Problem description | From the line containing "E-sse-nd-on B-o-mb-ers Face Mask" down to the final entry below, restate each line word for word.

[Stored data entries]

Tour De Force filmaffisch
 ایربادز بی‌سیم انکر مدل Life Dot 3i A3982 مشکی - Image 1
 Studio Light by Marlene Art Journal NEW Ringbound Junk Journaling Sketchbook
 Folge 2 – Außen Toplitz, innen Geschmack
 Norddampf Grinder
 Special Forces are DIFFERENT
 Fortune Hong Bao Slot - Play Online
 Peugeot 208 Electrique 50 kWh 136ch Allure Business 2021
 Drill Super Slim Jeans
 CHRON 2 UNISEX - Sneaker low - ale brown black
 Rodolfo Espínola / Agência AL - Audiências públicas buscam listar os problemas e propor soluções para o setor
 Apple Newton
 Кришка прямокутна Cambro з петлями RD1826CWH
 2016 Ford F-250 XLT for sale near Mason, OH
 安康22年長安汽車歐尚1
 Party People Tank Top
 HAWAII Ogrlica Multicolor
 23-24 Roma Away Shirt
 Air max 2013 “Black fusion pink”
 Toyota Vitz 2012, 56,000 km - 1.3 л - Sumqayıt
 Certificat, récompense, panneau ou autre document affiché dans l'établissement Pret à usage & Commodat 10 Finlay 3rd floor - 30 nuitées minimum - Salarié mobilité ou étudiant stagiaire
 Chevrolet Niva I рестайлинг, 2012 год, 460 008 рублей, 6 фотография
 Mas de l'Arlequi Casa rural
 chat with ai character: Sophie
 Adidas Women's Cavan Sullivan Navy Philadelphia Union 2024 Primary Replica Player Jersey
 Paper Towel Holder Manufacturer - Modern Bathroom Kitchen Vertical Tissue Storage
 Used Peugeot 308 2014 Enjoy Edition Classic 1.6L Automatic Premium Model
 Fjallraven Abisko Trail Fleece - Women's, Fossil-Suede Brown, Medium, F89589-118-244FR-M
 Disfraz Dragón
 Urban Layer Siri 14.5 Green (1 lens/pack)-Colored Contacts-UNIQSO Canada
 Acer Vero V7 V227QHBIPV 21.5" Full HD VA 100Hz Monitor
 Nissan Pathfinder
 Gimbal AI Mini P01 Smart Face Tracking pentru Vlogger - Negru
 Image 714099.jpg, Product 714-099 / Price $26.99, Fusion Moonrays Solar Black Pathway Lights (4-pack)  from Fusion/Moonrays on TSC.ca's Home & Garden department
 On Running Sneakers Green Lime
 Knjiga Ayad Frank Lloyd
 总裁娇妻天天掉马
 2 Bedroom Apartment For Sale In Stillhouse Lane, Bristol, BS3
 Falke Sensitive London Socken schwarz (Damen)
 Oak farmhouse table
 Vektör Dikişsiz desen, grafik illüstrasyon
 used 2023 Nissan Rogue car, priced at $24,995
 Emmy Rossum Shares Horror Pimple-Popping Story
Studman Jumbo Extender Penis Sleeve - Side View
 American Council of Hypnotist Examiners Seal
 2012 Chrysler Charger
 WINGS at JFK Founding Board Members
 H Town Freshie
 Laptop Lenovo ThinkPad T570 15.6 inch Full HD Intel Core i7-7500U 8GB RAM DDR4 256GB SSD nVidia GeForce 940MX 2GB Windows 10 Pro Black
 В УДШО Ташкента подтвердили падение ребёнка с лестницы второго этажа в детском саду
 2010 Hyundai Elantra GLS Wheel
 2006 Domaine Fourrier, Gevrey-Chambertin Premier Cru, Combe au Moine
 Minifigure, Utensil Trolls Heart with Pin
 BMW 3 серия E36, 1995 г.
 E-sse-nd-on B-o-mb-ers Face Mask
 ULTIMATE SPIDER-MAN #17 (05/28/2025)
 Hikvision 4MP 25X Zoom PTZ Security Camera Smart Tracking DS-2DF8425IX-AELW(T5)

Answer box |
 E-sse-nd-on B-o-mb-ers Face Mask
 ULTIMATE SPIDER-MAN #17 (05/28/2025)
 Hikvision 4MP 25X Zoom PTZ Security Camera Smart Tracking DS-2DF8425IX-AELW(T5)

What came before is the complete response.